Sotto accusa, ovviamente, l’amministratore di Badia Grande, il dott. Antonio Manca che, come afferma uno dei presenti, “ha saputo solo balbettare” in risposta alle numerose contestazioni che gli venivano mosse. Usando una tecnica che è nota anche a qualche amministratore pubblico, ha “scaricato” ogni responsabilità al suo staff, dall’avvocato (che pure era presente alla riunione ndr) ai responsabili del settore amministrativo. Ha dato una sua personale interpretazione a una sentenza del tribunale che lo vedeva soccombente per rivoltarla completamente; purtroppo per lui uno dei presenti quella sentenza l’aveva portata esibendola. La smentita è arrivata  dallo stesso Prefetto, il quale, si racconta, ad un certo punto ha rischiato di perdere la pazienza quando a proposito dei mancati pagamenti degli emolumenti ai lavoratori, Manca ha addossato la responsabilità ai ritardi della Prefettura nell’emissione dei contributi dello stato. Il Prefetto lo ha, anche in questo caso, sonoramente smentito aiutandosi con date e cifre dei provvedimenti emessi, aggiungendo che in qualche occasione la prefettura ha pagato senza aspettare la dovuta rendicontazione.

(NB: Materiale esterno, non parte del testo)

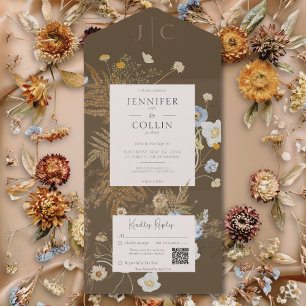 Invitation Tout En Un Fleur sauvage rustique Monogramme Brown QR Code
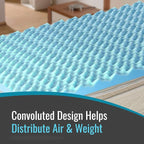 DMI Foam Mattress Topper, Egg Crate Foam Pad, Mattress Pad And Bed Topper For Support, Air Circulation, Pressure Relief And Weight Distribution, Queen Size Mattress, 56 x 78 x 2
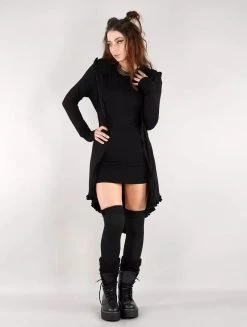 Gilet Long Avec Laçage Dans Le Dos "Dryadalis", Noir -Magasin De Vêtements Pour Femmes p image 339528 grande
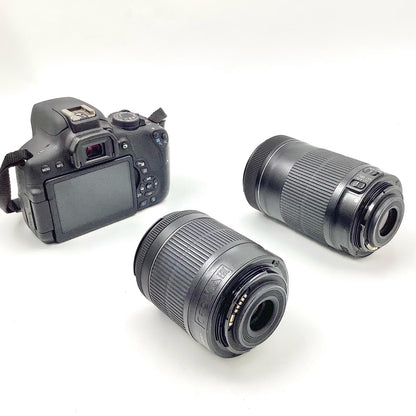 【全額返金保証】【最速発送】Canon デジタル一眼 EOS Kiss X8i ダブルズームキット ブラック 動作確認済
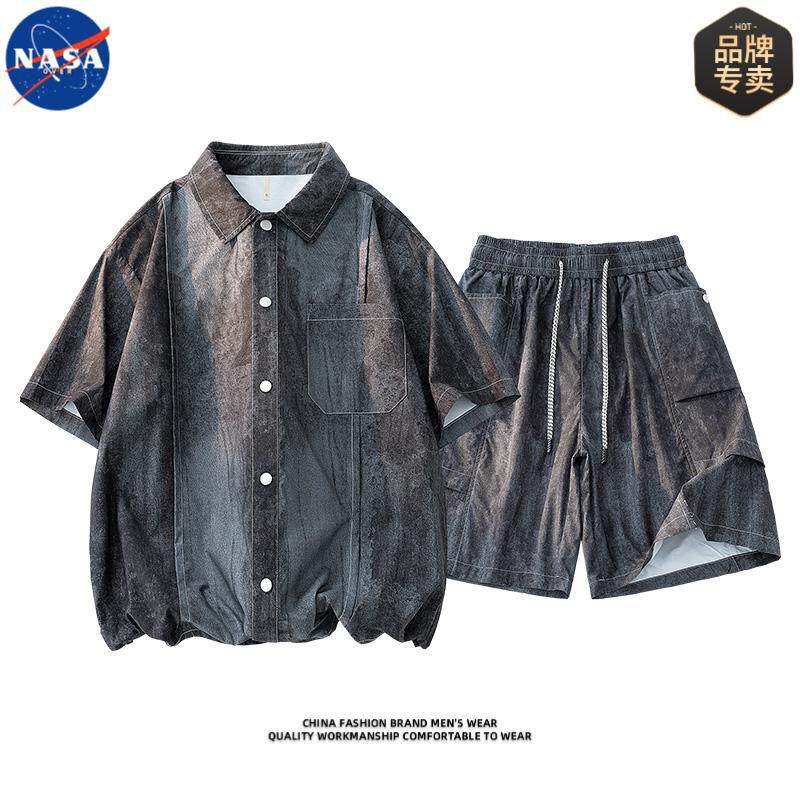 NASA品牌高质量冰感透气扎染短袖衬衫套装男士夏季时尚大码一整套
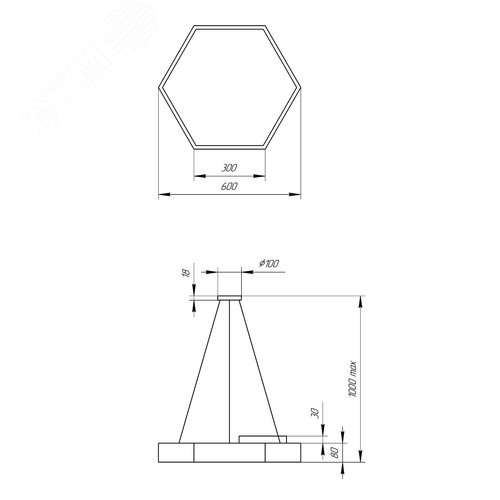 Светильник светодиодный Geometria Hexagon SPO-121-B-40K-038 38Вт 4000К 4000Лм IP40 600*600*80 черный подвесной | Б0050551 | ЭРА - фото 6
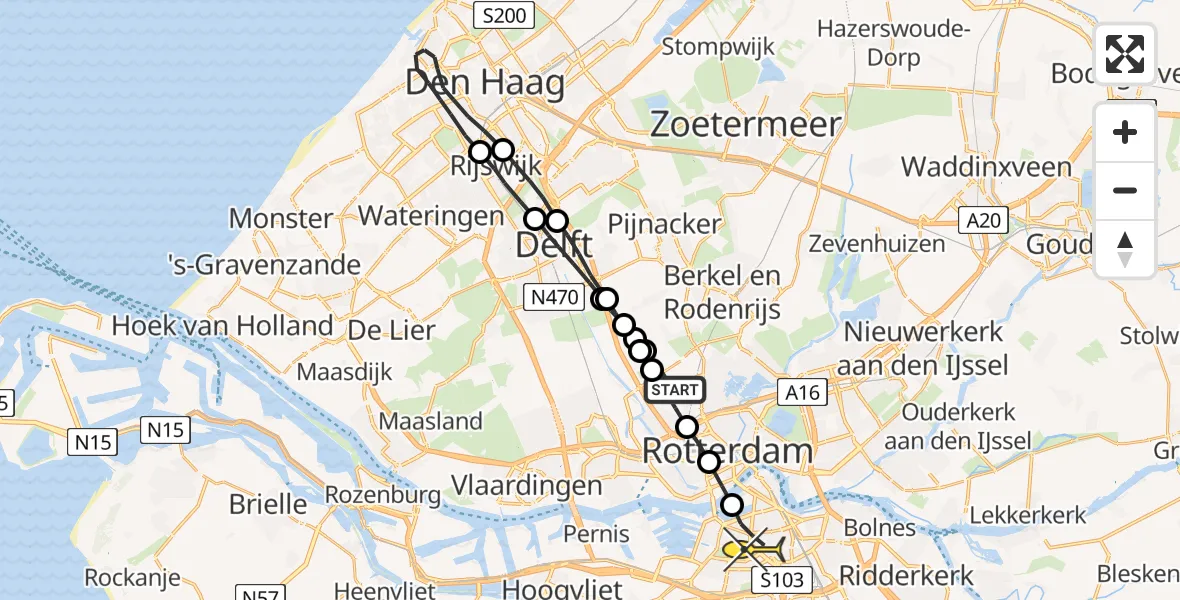 Routekaart van de vlucht: Lifeliner 2 naar Rotterdam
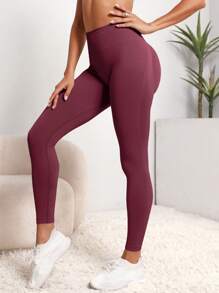 Easithlete Seamless Wide Waistband Sports Leggings - Maroon - View 2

Toni aspri, accuse pesanti nei confronti della gestione Manca, alcune delle quali finiti in una denunzia in Procura che, come ha fatto intendere lo stesso Prefetto, non potevano essere discusse in quel tavolo, ma di competenza di altri organi.

Manca, a conclusione della riunione avrebbe promesso di ritirare tutti i provvedimenti disciplinari, rifare i conteggi su permessi e ferie, restituendo il TFR e pagando subito una mensilità. Questa la promessa che vale anche per la questione dei 39 lavoratori di Milo per i quali i sindacati chiedono il ritiro del provvedimento di inizio della procedura di licenziamento collettivo. Di tutto questo si continuerà a parlare il giorno 18 nell’incontro già fissato: in quella data i sindacati, che continuano a dichiararsi “non soddisfatti” delle risposte avute, vorranno sapere se alle promesse sarebbe stato dato un seguito; questo anche sui licenziamenti. Un altro appuntamento è già stato fissato per il 28. In conclusione entro la fine del mese dovrebbe aversi la conclusione della vertenza sindacal/amministrativa, in caso contrario su Badia Grande si apriranno altri scenari che rischiano di aggiungersi a quelli possibili del palazzo di giustizia.